**BRIEF:** Because the pictures are not wanted, reproduce the rest of the records below exactly as they stand.

**RECORD EXTRACTS:**
··········
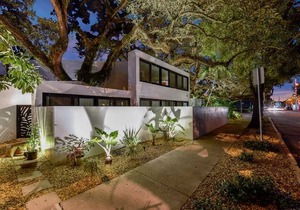 Walk to the best dining, bars, shops, and more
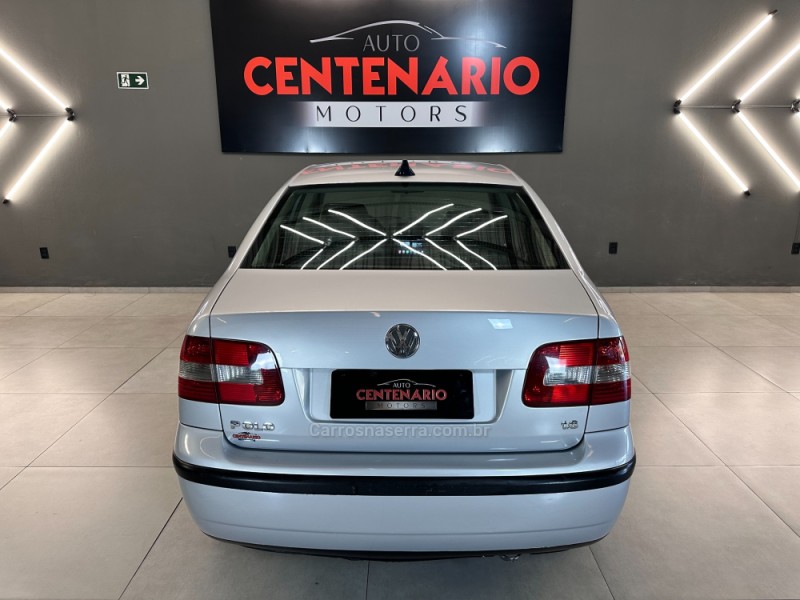 POLO SEDAN 1.6 8V GASOLINA 4P MANUAL - 2003 - SAPIRANGA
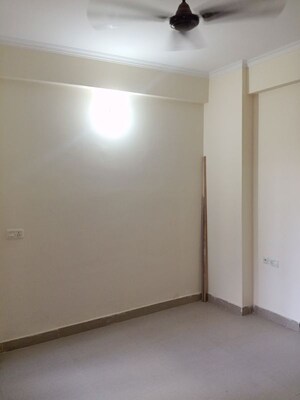 Room in 3 BHK Apartment at Mahagun My Woods, Sector 16c Greater Noida – for Rent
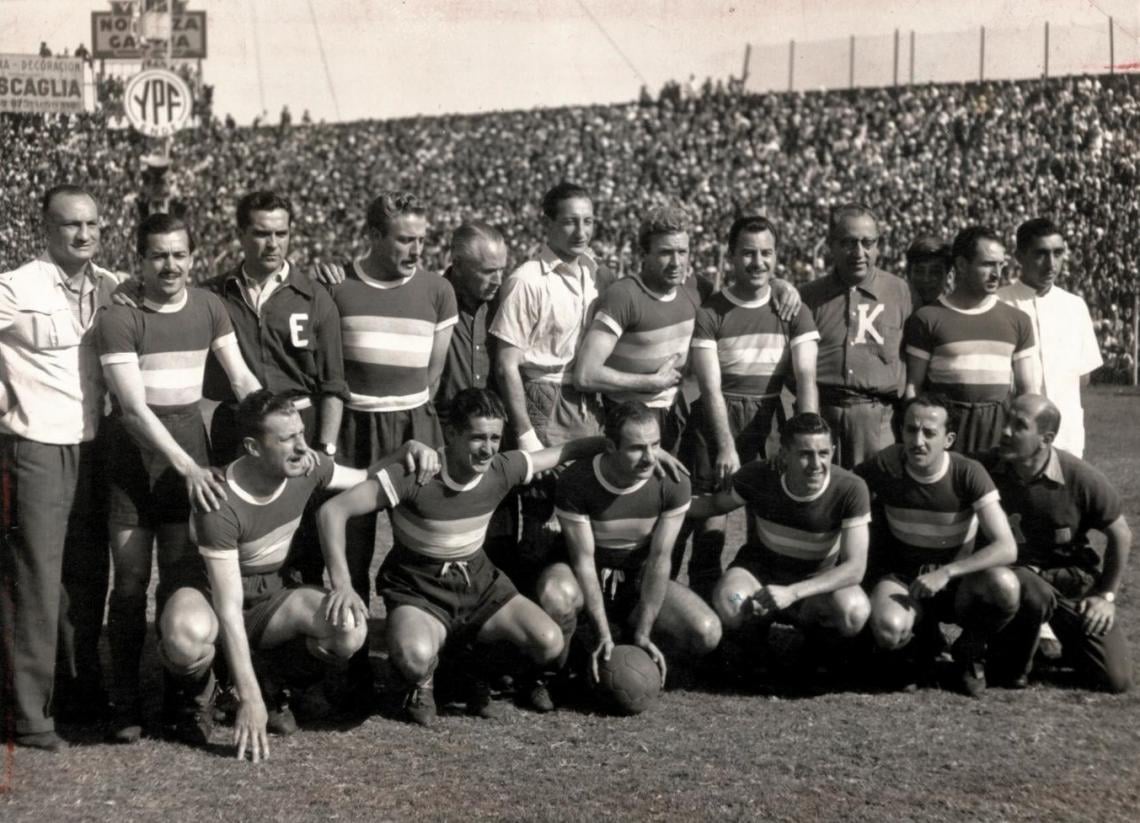 Racing, el campeón. Parados: Giménez, H. García, G Stábile, Grisetti, Rastelli, García Pérez y Gutiérrez. Agachados: Boyé, Ameal, Bravo, Simes y Sued.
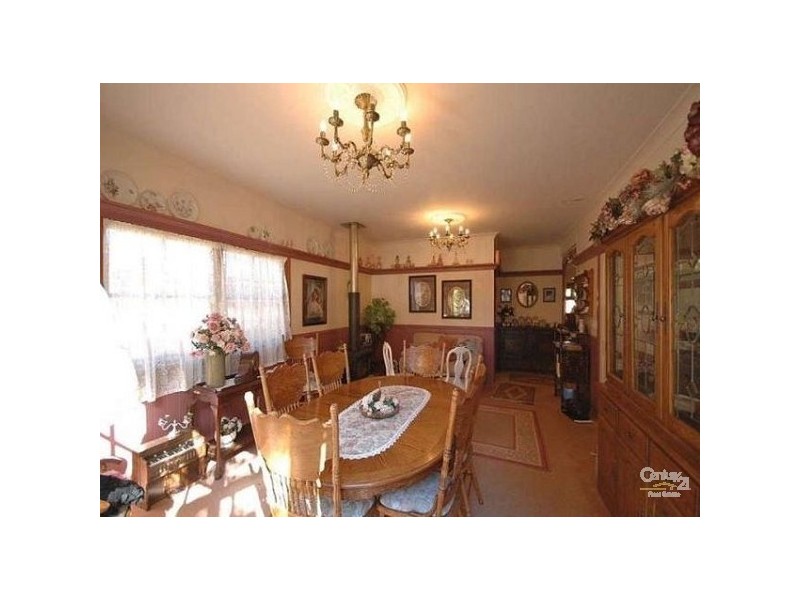 8 Wongawallan Road, Tamborine Mountain QLD 4272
··········
**ANSWER:**
 Walk to the best dining, bars, shops, and more
 POLO SEDAN 1.6 8V GASOLINA 4P MANUAL - 2003 - SAPIRANGA
 Room in 3 BHK Apartment at Mahagun My Woods, Sector 16c Greater Noida – for Rent
 Racing, el campeón. Parados: Giménez, H. García, G Stábile, Grisetti, Rastelli, García Pérez y Gutiérrez. Agachados: Boyé, Ameal, Bravo, Simes y Sued.
 8 Wongawallan Road, Tamborine Mountain QLD 4272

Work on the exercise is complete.